I realized I forgot to do my exhale-inhale scenting of the leaves! I think I was so wrapped up in figuring out how to brew it. Tea from Taiwain doesn’t give very exact instructions, so I googled for others and found a thread on TeaChat where people were posting how they brewed Taiwanese high mountain oolongs. I read a number of posts and was intrigued by a method in which they had no rinse, a long first steep (90 seconds), then dropped back to 30 seconds and built from there. I sometimes feel like I am washing away some of the delicious stuff with the rinse, plus I often like the first steep best, so I decided to try this method on this sample. I used all 7g in my 6oz teapot, and approximately 200°F water, which people also suggested.
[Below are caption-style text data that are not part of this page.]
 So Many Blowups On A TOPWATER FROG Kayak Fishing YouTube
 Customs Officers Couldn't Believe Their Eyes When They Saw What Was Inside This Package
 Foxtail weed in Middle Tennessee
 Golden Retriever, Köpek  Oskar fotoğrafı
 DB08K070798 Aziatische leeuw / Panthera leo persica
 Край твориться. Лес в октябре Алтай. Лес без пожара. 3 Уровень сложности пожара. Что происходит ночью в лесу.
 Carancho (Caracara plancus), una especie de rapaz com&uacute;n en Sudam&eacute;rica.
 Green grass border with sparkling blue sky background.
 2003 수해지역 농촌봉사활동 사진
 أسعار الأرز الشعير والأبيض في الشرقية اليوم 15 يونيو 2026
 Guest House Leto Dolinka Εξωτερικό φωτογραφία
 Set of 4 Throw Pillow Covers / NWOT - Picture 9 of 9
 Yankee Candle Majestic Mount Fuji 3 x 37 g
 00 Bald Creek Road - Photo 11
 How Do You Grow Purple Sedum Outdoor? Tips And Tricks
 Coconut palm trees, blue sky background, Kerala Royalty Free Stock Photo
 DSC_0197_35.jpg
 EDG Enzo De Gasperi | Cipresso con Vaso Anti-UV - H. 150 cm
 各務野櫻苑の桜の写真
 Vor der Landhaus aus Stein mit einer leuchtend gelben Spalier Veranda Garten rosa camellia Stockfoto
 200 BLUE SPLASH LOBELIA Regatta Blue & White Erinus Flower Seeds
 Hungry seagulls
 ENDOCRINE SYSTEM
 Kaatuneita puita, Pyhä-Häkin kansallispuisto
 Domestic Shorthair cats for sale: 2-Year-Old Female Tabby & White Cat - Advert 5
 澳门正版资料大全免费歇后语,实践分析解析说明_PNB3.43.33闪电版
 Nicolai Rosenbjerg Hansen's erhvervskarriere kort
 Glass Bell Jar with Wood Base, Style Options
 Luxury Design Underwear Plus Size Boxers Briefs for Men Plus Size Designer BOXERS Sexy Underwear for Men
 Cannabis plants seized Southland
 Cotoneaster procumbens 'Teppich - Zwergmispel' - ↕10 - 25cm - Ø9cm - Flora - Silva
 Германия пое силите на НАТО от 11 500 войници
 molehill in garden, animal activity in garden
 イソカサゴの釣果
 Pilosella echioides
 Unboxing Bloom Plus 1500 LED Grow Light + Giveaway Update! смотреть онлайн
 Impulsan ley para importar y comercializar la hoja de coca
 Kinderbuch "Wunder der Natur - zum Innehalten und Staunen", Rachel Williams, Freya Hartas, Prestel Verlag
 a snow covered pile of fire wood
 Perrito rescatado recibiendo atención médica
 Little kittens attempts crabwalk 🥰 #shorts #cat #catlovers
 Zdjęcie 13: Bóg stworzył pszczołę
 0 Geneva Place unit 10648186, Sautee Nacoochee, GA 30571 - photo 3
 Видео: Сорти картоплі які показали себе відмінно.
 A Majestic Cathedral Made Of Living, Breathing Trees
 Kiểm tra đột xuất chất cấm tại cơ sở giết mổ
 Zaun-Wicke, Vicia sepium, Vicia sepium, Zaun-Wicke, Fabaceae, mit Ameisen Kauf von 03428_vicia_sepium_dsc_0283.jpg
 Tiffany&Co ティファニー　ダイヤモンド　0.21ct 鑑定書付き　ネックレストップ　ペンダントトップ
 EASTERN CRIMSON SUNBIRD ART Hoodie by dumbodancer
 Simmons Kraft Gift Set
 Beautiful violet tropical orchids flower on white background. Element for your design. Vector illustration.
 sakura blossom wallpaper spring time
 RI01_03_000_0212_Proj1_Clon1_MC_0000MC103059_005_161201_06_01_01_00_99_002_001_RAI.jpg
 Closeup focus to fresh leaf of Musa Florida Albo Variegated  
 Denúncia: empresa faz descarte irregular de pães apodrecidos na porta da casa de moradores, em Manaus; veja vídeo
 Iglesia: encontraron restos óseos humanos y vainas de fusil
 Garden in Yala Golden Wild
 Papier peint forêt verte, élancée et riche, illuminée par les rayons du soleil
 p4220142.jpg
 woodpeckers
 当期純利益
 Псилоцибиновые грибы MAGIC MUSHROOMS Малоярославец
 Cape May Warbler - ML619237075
Underneath the lid, smells floral and buttery, and that is present in spades in the scent of the liquor, which is just barely colored enough to look different than the light green of my ru kiln pot. It smells amazing, incredibly buttery and even a bit cookie-ish. The flavor is interesting, more like asparagus or snap peas than I expected, with a buttery undertone. Definitely like crisp, blanched veggies.
I can’t say that I believed a 30 second steep after a 90 second steep would be very strong, but even just looking at the liquor, it is a much brighter green. The flavor is pretty similar, though with ever so slight floral notes this time. And a subsequent steep at 1 minute was basically the same, but also getting more green and less buttery. Then I stopped steeping it because I kind of lost interest.
This tea was pretty good but not really my style, as I am realizing that many Taiwanese high mountain oolongs are not quite my style. Very light and fresh, and it smelled amazing, but too much vegetable in the flavor and not quite enough butter or florals. Still I appreciate the chance to taste this tea!